I think it would be too slick...

No. 2 Pine is a good one I think, it 'breathes' well, and they can always get a decent grip on it.


Phil
Las Vegas


----------



## Rosebud (Dec 14, 2005)

Thanks for responding, Phil. I suspect the reason you mention will be a consensus with most fanciers. However, I will use it for the sloping sides of 'V' perches with wood joining the two for good footing, the melamine and spacing between it and the wall should make cleaning easier.
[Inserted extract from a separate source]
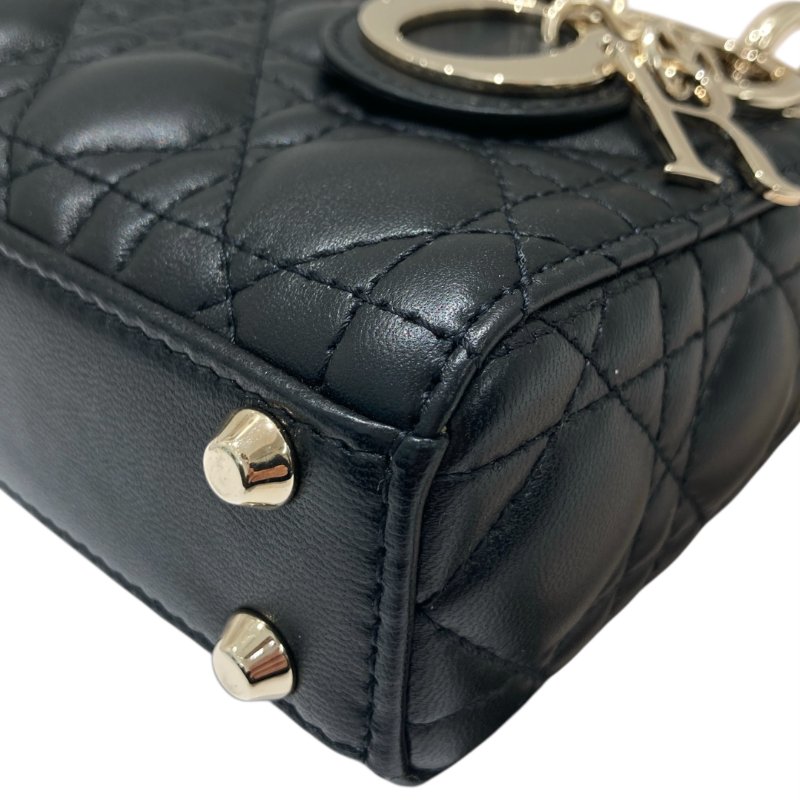 CHRISTIAN DIOR 迪奧 CANNAGE MICRO LADY BAG 手提側背包 羊皮 黑色 銀釦-8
Know that I had pigeons as a youngster and my dad had in excess of 700 chickens and guess who's job it was to clean up... Now that I'm re-entering the hobby I'd like to make clean up somewhat easier as well as a healthier setup for the birds.
All the best to you and others on this most enlightening list this holiday season.
Rosebud


----------



## pdpbison (Mar 15, 2005)

Hi Rosebud,


Oh, I see what you mean...yes, good idea. Ths poops will slide on off more than with other materials, and the clean up would be easier...and something non-slick for where they actually have their feet when perching.

Cool...


Phil
Las Vegas


----------



## TerriB (Nov 16, 2003)

Rosebud, we had the same idea and used it on all horizontal surfaces when we first built our coop. We found that melamine is not sturdy enough for any surface you need to scrape on a regular basis. It is too slippery for a safe walkway. Plus, it doesn't hold up well to any moisture, such as juicy poop or water droplets.

We redid the shelves with pine boards painted with interior enamal, airing the boards for several weeks after painting before installing them. Looks great and is easy to keep clean.


----------